Focusing on Results and Not People
A common mistake that most managers or team leaders make is focusing too much on the project results and not spending enough time recognizing the employees as people. One important factor for a team’s success is that everyone feels understood and recognized. If all the people on your team feel like cogs in a machine, they won’t give it their 100 percent and won’t feel valued.
To manage a successful team, you must focus on team cohesion, and one of the best ways to do this is to always pay attention to your team members. That means ensuring clear communication channels, listening to team members, reaching out to them, providing feedback, and asking for feedback in return.
Not Focusing on Safety
When you’re a manager, it’s easy to set your sights on the project’s goal and fail to recognize the smaller day-to-day events and roadblocks. It’s admirable to stay focused on the project from a large-scale perspective, but many managers miss out on the steps that get them there and the considerations they must take along the way. One variable that many fail to notice is safety. When your sights are only on the goal, you want to cut corners, and those cut corners come at the cost of safety.
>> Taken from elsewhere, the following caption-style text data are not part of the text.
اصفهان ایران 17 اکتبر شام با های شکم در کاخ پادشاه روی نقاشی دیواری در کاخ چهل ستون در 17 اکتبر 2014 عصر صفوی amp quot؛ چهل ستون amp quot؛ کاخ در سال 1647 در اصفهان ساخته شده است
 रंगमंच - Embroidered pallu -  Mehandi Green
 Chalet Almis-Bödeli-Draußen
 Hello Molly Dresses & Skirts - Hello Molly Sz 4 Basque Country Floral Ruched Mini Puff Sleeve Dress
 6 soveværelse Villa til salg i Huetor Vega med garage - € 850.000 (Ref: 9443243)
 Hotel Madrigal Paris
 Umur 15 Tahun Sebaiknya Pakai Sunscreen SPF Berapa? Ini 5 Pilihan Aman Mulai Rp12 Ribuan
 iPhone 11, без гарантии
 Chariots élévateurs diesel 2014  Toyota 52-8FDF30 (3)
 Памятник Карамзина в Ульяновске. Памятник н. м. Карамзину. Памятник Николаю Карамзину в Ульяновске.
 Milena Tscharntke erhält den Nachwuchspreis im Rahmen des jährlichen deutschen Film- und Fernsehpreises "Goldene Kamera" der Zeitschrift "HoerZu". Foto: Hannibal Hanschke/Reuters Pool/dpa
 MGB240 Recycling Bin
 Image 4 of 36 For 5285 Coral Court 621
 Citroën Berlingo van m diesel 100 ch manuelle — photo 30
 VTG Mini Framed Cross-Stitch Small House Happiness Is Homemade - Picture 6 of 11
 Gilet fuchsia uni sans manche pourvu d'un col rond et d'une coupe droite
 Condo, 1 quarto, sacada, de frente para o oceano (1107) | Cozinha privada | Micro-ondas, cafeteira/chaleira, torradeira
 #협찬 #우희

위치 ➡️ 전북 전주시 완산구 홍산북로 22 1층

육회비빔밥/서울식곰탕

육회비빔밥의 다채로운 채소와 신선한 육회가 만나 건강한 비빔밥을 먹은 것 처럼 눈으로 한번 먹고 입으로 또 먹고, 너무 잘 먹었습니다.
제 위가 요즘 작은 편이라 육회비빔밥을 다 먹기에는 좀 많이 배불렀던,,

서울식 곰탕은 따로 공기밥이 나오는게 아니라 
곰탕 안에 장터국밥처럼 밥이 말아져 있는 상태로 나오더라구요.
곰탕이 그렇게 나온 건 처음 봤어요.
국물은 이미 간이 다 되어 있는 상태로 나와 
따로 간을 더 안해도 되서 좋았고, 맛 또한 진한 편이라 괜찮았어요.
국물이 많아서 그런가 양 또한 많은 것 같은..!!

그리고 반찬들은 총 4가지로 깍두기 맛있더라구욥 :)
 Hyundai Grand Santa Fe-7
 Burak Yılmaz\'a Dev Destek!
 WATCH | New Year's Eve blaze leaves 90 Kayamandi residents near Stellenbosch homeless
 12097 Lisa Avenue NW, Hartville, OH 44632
For example, if you’re working on a construction site or somewhere similar, you want to complete your project as quickly and efficiently as possible. You divert all of your resources toward this goal and fail to focus on smaller things that add up, such as safety compliance. You need to get custom safety apparel for your workers so that the project can run smoothly and ensure everyone is safe. Compromising on this will result in more accidents and other roadblocks that put the project’s completion behind schedule.
No Direction
When you’re a manager, it’s easy for you to understand the project’s goals and what you need to achieve them, but you must illustrate that to the team members. They don’t have all the same information as you, and it’s easy for them to feel lost or fail to grasp how their work contributes to the larger project at hand. By explaining everything early and providing routine project updates, they can understand the project’s direction and how they’re contributing to that.
Almost every manager makes some of these common mistakes, but that doesn’t mean it has to be the end of their role. You can recognize these mistakes and go out of your way to ensure that you don’t make them. Yes, mistakes aren’t great, but the effort and willingness to work hard and improve from those same mistakes make a great manager.